| Brief |
Restate all of the entries exactly, dropping any pictures they hold.

| Dataset extract |
________________________________________

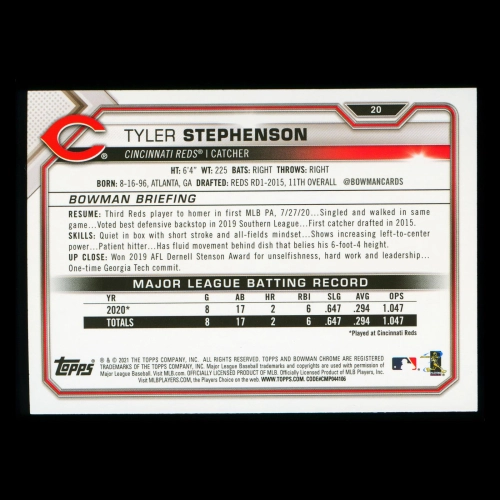 Tyler Stephenson RC 2021 Bowman Rookie Reds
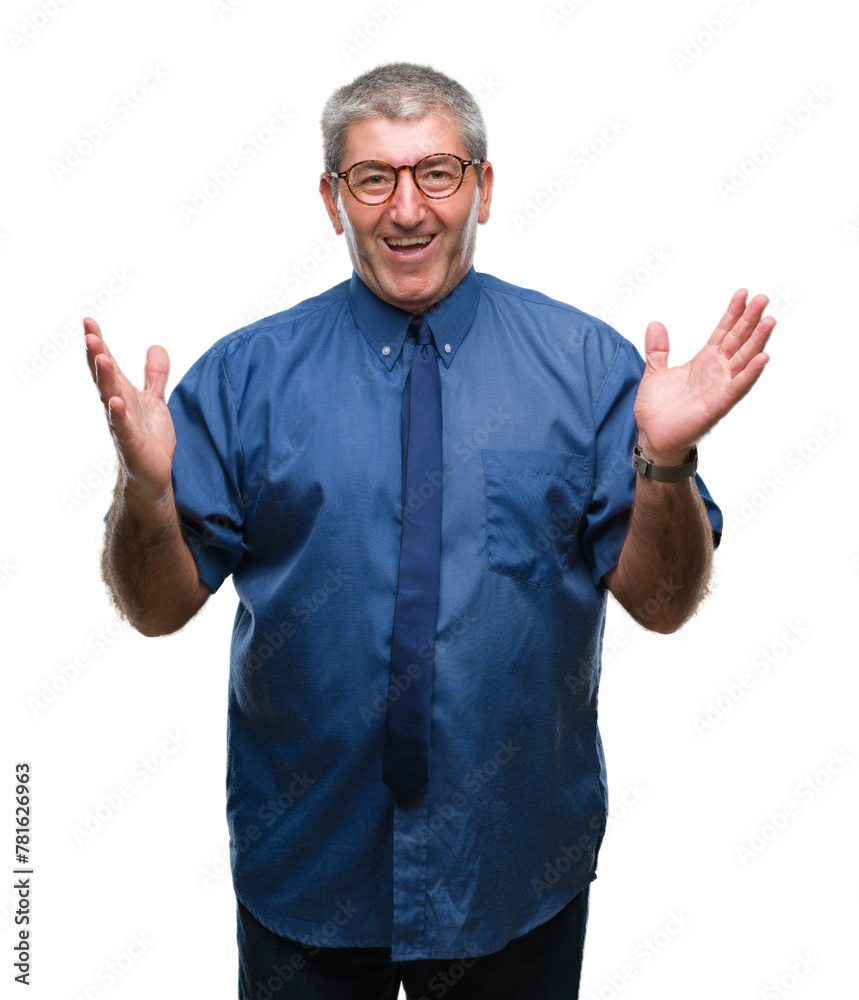 Handsome senior business man over isolated background celebrating mad and crazy for success with arms raised and closed eyes screaming excited. Winner concept Handsome senior business man over isolated background celebrating mad and crazy for success with arms raised and closed eyes screaming excited. Winner concept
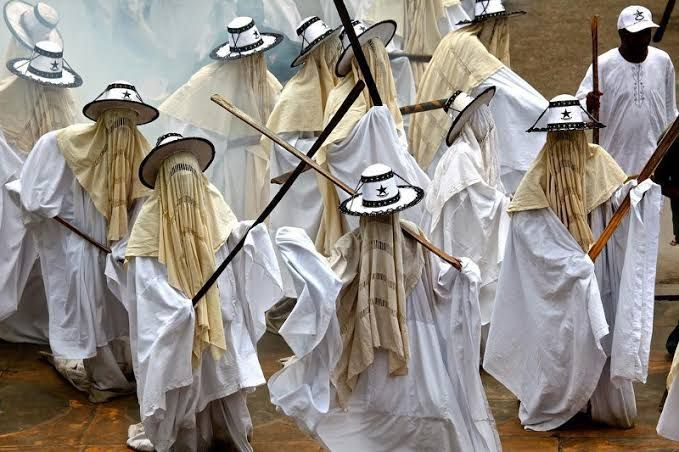 Masquerades at the Eyo Festival in Lagos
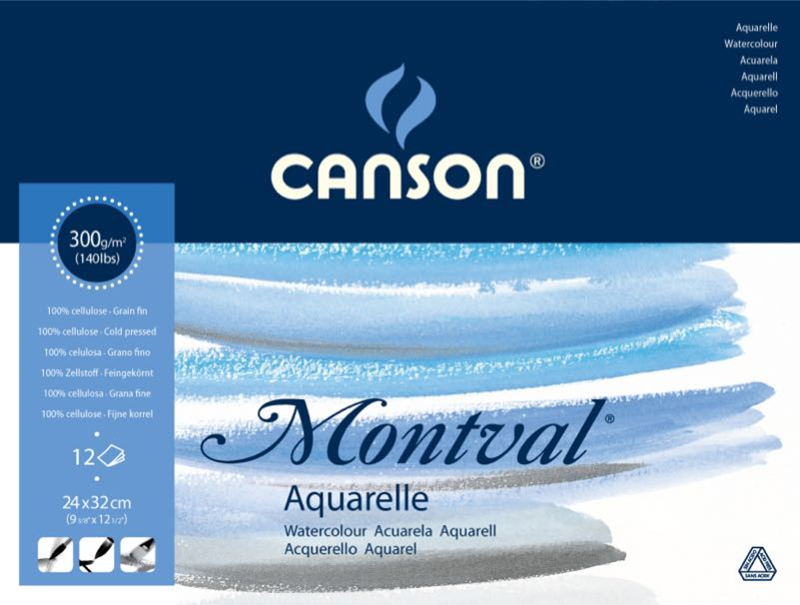 CANSON SULUBOYA BLOK MONTVAL 24x32 300g 12YP 807319- 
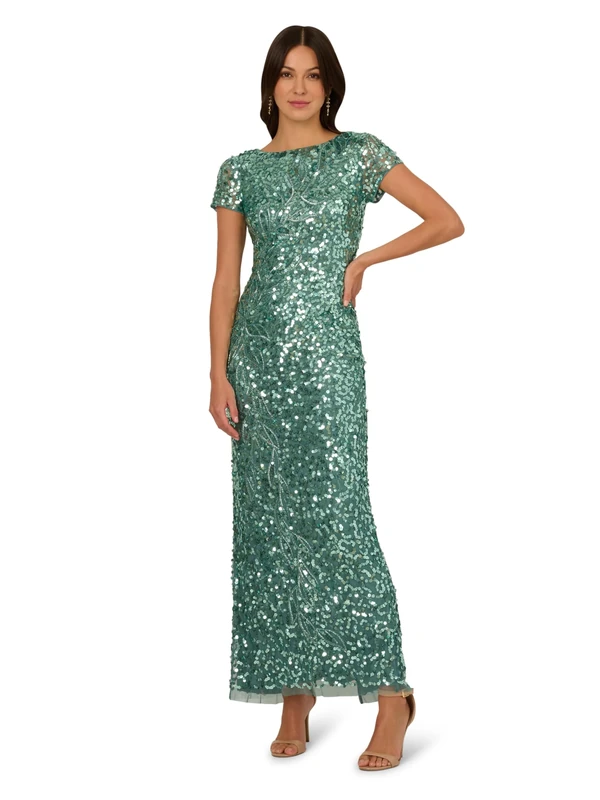 Adrianna Papell Women's Beaded Mesh Long Special Occasion Dress, Green Slate, 14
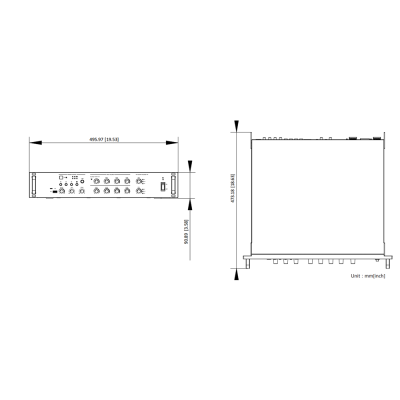 Desenho técnico de equipamento de som com controlo e dimensões em mm e polegadas.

________________________________________

| Solution for this problem |
 Tyler Stephenson RC 2021 Bowman Rookie Reds
 Handsome senior business man over isolated background celebrating mad and crazy for success with arms raised and closed eyes screaming excited. Winner concept Handsome senior business man over isolated background celebrating mad and crazy for success with arms raised and closed eyes screaming excited. Winner concept
 Masquerades at the Eyo Festival in Lagos
 CANSON SULUBOYA BLOK MONTVAL 24x32 300g 12YP 807319- 
 Adrianna Papell Women's Beaded Mesh Long Special Occasion Dress, Green Slate, 14
 Desenho técnico de equipamento de som com controlo e dimensões em mm e polegadas.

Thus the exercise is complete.